Charles I. is rather too slight and delicate a play for great popularity; and in addition its politics are too aggressive. Whenever I think of it in its political aspect I am always reminded of a pregnant saying of Dion Boucicault—I mean Dion Boucicault the Elder, for the years have run fast—spoken in the beautiful Irish brogue which was partly natural and partly cultivated:

“The rayson why historical plays so seldom succeed is because a normal audience doesn’t go into the thayatre with its politics in its breeches pockets!”

This is really a philosophical truth, and the man who had then written or adapted over four hundred plays knew it. A great political situation may, like any other great existing force, form a milieu for dramatic action; making or increasing difficulties or abrogating or lessening them; or bringing unexpected danger or aid to the persons of the drama. But where the political situation is supposed to be lasting or eternally analogous, it is apt to create in the minds of an audience varying conditions of thought and sympathy. And where these all-powerful forces of an audience are opposed they become mutually destructive, being only united into that one form which makes for the destruction of the play.

One of the most notable things of Irving’s Charles I. was his extraordinary reproduction of Van Dyck’s pictures. The part in its scenic aspect might have been called “Van Dyck in action.” Each costume was an exact reproduction from one of the well-known paintings; and the reproduction of Charles’s face was a marvel. In this particular case he had a fine model, for Van Dyck painted the King in almost every possible way of dignity. To aid him in his work Edwin Long made for him a triptych of Van Dyck heads, and this used to rest before him on his dressing-table on those nights when he played Charles.

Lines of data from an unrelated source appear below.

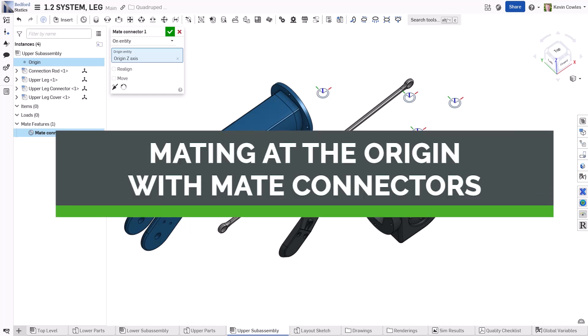Hello, my name is Kevin Coles, and this video demonstrates how you can use Onshape mate connectors like origin planes for mating.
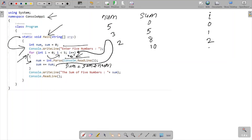Then i is incremented — i is now three. Three less than five, condition is true, so it goes inside. This time the input entered is one. Num value is now one. Then sum equals sum plus num — ten plus one equals eleven.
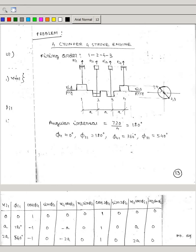Taking crank 1 as reference: from 1 to 2 is 180°, from 2 to 4 is another 180°, from 4 to 3 is another 180°, and from 3 to 1 is another 180°. So the angle between the second crank and the first crank is 180°. The angle between the fourth crank and the first crank is 360° (or 0°). The angle between the third crank and the first crank is 540° (or 180°).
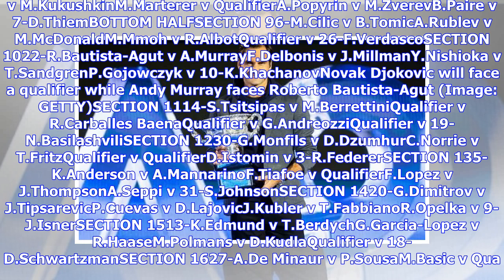Section 1114S: C. C. Pizviem, Baradina, Qualifier v. R. Karpolsbane, Qualifier v. G. Andriatsi, Qualifier v. 19N Basilashvili.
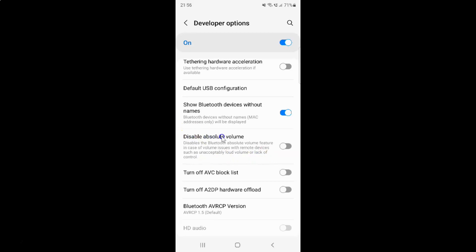To disable absolute volume you have to enable this toggle button by tapping on it so that the slider moves to the right. And you can see, absolute volume is now disabled.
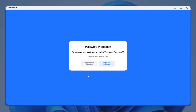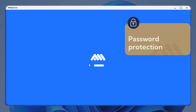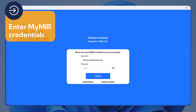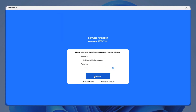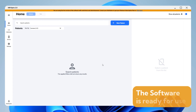MIR Spiro also offers the possibility to further protect your work with the option Password Protection. It is not a mandatory option and you can access it whenever you want. Now enter your MyMIR account credentials to activate MIR Spiro Software. The software is now active and ready for use.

Irving was a painter of no mean degree with regard to his “make-up” of parts. He spared no pains on the work, and on nights when he played parts requiring careful preparations, such as Charles I., Shylock, Louis XI., Gregory Brewster (in Waterloo), King Lear, Richelieu and some few others he always came to his dressing-room nearly an hour earlier than at other times. It has often amazed me to see the physiognomy of Shylock gradually emerge from the actor’s own generous countenance. Though I have seen it done a hundred times I could never really understand how the lips thickened, with the red of the lower lip curling out and over after the manner of the typical Hebraic countenance; how the bridge of the nose under his painting—for he used no physical building up—rose into the Jewish aquiline; and, most wonderful of all, how the eyes became veiled and glassy with introspection—eyes which at times could and did flash lurid fire.

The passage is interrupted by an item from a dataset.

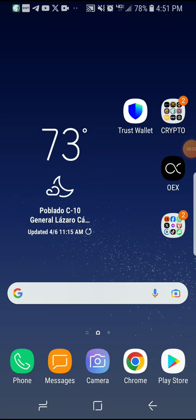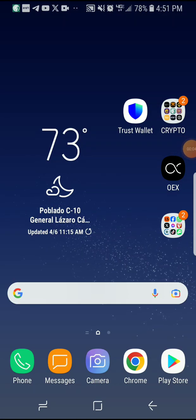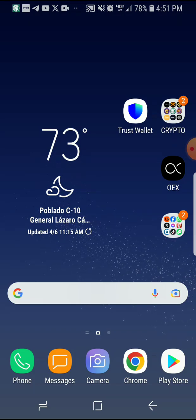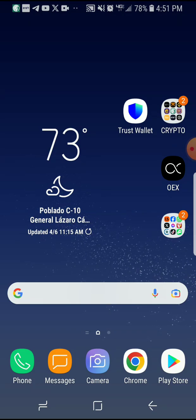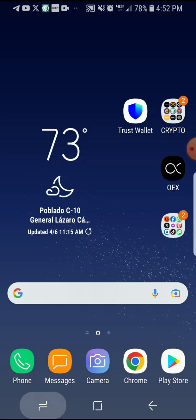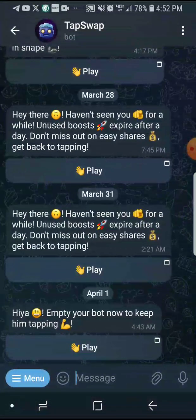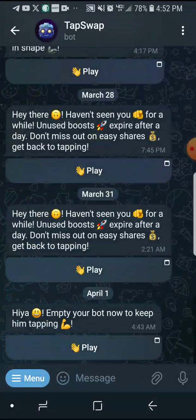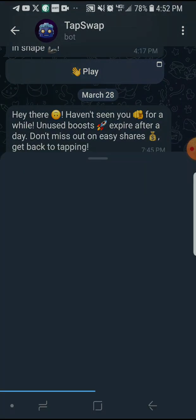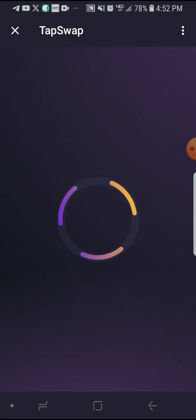Hello everyone, peace be on to you all. Hope you're all doing great. In today's video, I'm going to show you how you can link your Solana wallet in TapSwap on Telegram. If you are actually mining this coin on TapSwap for free, you can go ahead and follow the steps.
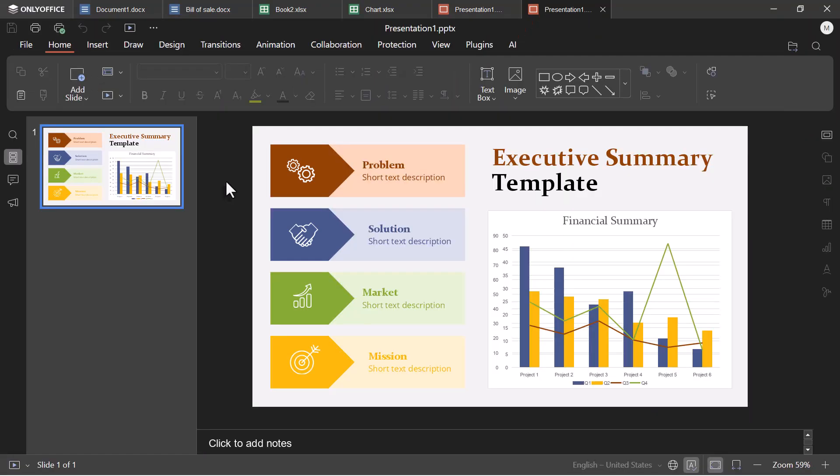And when I open an existing PowerPoint file, every slide looks exactly as it should, with animations and designs intact.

But there is for an outsider no understanding what strange effects stage make-up can produce. When my son, who is Irving’s godson, then about seven years old, came to see Faust I brought him round between the acts to see Mephistopheles in his dressing-room. The little chap was exceedingly pretty—like a cupid, and a quaint fancy struck the actor. Telling the boy to stand still for a moment he took his dark pencil and with a few rapid touches made him up after the manner of Mephistopheles; the same high-arched eyebrows; the same sneer at the corners of the mouth; the same pointed moustache. I think it was the strangest and prettiest transformation I ever saw. And I think the child thought so too, for he was simply entranced with delight.

Irving loved children, and I think he was as enchanted over the incident as was the child himself.